• Your objective: The lines from the first line of the entries through the line containing "Two lengths of" are to be repeated exactly, with both of those lines included.

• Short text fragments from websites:
════════════════
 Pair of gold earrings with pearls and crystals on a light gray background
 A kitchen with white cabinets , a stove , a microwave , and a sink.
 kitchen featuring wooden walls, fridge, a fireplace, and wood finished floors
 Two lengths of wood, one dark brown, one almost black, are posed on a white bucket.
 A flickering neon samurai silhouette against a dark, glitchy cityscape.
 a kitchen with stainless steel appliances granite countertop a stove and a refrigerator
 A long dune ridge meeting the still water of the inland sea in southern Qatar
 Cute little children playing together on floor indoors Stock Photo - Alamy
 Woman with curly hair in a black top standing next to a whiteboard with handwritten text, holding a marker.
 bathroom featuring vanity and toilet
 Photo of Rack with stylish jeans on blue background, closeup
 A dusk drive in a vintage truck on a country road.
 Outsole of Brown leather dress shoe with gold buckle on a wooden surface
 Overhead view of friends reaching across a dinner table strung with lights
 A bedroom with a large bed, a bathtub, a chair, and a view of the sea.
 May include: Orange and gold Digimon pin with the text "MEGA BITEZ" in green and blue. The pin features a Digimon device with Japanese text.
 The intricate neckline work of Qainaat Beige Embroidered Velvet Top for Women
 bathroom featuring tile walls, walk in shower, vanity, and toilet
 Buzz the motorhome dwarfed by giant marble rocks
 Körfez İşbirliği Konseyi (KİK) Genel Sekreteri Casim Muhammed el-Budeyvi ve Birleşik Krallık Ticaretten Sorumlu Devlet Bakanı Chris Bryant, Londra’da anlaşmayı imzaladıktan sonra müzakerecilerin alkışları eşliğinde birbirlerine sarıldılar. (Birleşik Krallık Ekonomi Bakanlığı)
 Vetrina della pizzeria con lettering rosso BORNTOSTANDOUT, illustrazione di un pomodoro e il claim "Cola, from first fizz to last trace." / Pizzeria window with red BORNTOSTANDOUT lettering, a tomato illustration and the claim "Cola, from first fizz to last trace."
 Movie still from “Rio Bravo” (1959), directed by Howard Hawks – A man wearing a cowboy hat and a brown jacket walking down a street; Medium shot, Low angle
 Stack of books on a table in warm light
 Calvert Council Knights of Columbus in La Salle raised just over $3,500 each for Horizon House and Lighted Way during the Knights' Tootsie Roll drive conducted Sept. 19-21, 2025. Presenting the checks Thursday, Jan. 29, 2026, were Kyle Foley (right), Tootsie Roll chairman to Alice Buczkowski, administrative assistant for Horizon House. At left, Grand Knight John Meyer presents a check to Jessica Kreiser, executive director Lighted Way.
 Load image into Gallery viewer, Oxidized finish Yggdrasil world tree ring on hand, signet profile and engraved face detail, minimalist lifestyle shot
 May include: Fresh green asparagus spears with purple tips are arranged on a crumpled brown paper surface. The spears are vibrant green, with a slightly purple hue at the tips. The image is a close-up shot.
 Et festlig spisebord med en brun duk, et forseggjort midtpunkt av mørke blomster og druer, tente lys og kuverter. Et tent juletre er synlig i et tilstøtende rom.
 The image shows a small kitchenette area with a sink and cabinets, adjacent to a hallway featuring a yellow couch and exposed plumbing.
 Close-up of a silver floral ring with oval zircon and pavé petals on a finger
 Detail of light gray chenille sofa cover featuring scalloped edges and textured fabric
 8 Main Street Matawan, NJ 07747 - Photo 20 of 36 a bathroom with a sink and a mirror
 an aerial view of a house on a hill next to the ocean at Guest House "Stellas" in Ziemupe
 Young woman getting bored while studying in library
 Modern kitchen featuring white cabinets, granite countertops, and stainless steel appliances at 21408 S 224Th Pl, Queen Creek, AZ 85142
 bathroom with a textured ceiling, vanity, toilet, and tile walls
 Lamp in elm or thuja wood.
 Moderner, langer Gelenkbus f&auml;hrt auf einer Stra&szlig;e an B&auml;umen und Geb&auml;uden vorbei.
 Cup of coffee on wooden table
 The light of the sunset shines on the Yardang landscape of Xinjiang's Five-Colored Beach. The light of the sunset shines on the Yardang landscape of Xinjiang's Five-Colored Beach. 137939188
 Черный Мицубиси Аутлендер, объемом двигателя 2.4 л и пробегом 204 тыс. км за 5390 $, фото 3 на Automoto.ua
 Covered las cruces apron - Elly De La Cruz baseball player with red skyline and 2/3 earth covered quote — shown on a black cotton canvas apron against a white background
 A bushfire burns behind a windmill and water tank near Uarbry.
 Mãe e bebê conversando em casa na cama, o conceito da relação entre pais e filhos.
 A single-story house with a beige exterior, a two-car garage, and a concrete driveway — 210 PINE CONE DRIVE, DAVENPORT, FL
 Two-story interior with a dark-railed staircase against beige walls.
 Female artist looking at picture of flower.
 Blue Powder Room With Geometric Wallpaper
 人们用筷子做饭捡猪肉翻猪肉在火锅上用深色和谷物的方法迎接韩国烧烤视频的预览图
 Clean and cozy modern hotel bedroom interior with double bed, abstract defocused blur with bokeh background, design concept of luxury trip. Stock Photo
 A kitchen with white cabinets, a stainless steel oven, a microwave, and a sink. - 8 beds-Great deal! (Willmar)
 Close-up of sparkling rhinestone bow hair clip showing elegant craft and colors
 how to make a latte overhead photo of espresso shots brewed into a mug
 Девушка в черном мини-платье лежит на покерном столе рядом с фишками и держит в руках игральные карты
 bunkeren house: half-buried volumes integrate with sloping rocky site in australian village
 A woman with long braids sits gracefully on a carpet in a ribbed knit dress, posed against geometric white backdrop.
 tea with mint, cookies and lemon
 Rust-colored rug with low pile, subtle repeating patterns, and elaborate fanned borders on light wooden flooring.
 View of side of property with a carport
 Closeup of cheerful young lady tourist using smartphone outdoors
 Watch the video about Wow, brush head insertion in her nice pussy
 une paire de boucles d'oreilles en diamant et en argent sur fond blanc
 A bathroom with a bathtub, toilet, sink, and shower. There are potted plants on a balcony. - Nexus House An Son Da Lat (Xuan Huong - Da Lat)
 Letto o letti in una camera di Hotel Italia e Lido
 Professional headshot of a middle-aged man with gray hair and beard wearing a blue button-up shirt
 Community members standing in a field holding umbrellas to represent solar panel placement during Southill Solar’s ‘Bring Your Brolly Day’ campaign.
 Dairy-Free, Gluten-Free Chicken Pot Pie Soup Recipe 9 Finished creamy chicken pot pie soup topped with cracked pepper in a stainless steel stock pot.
════════════════
• Answer to the problem:
 Pair of gold earrings with pearls and crystals on a light gray background
 A kitchen with white cabinets , a stove , a microwave , and a sink.
 kitchen featuring wooden walls, fridge, a fireplace, and wood finished floors
 Two lengths of wood, one dark brown, one almost black, are posed on a white bucket.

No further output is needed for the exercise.